Choices Transitional Services
08/02/2010 10:10AM ● Published by Style
Photo by Dante Fontana
Public schools help provide for developmentally disabled children…but what happens when they reach adulthood?
That’s where Choices Transitional Services steps in. “The organization was created to meet the needs of adults with developmental disabilities, and what we do is assist these adults in becoming active participants in the community,” says Executive Director Laura Trost.
The non-profit organization was established in 1988, and it provides several methods of helping developmentally disabled adults. Adults who are unable to leave their homes are eligible to receive aid from the organization’s Supported Living Services. “This program offers services for those who really want an independent lifestyle, but maybe they have something like cerebral palsy and need assistance,” Trost says. “We focus on health-related goals to manage health conditions and daily living tasks such as shopping, meal preparation and hygiene.”

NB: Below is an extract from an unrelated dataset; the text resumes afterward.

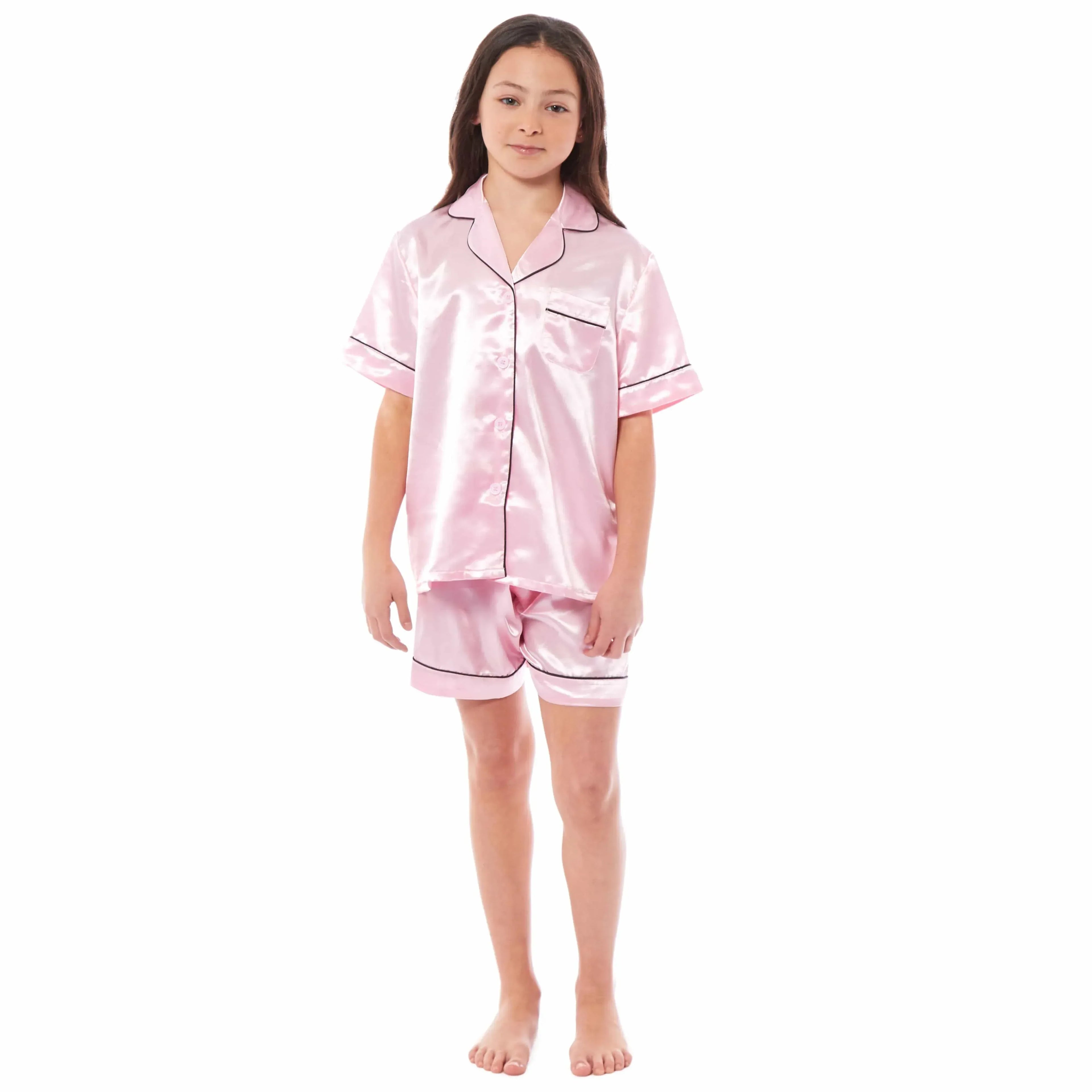 girls-satin-silk-short-pyjama-set-button-down-shirt-and-loose-fitting-pants-loungewear-nightwear-for-ages-5-14-black-pink-grey-by-daisy-dreamer-pyjamas-1052974104 - Bobobiy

For those adults who are getting ready to make the transition from their parents’ homes to living on their own, Choices Transitional Services offers a transitional home – located in Citrus Heights – in which groups of adults live for two days per week, performing household tasks and learning skills they will need when they move out on their own, including meal planning and bill paying.
“It’s a two-year program, and it really focuses on how to live alone,” Trost says. “We keep the men and women separate, and they stay two nights per week.” Trost says the house has a high success rate, and there have been times in the past when adults have lived on their own unsuccessfully, then gone through the housing program and gone on to live happy, active lives, with the ability to employ the skills they learned in the house.
But sometimes, it’s the simple things that bring smiles. “We had a woman who had never been able to write her name,” Trost says. “She was nonverbal, so she couldn’t speak. However, we found she was interested in computers, and she was able to learn to type her name and her friends’ names. Then we knew who she wanted to interact with.” At 27 years old – for the first time – she was able to name her friends. “It’s very rewarding when we see them achieve their lifelong goals,” Trost says. “We never give up on adults, no matter what their disability is.”
The organization receives funding from the State, but the economy has taken a toll on services, and Trost says the forecast for future cuts is dismal. Donations are always accepted, and while there are currently no fundraisers scheduled, the group occasionally teams up with the Chevy’s restaurant in Sacramento for fundraising nights where 25 percent of the proceeds from sales go to the organization.
Volunteers are welcome, and every worker must clear a background check before working with the adults. One particular area where help is needed is the organization’s Web site.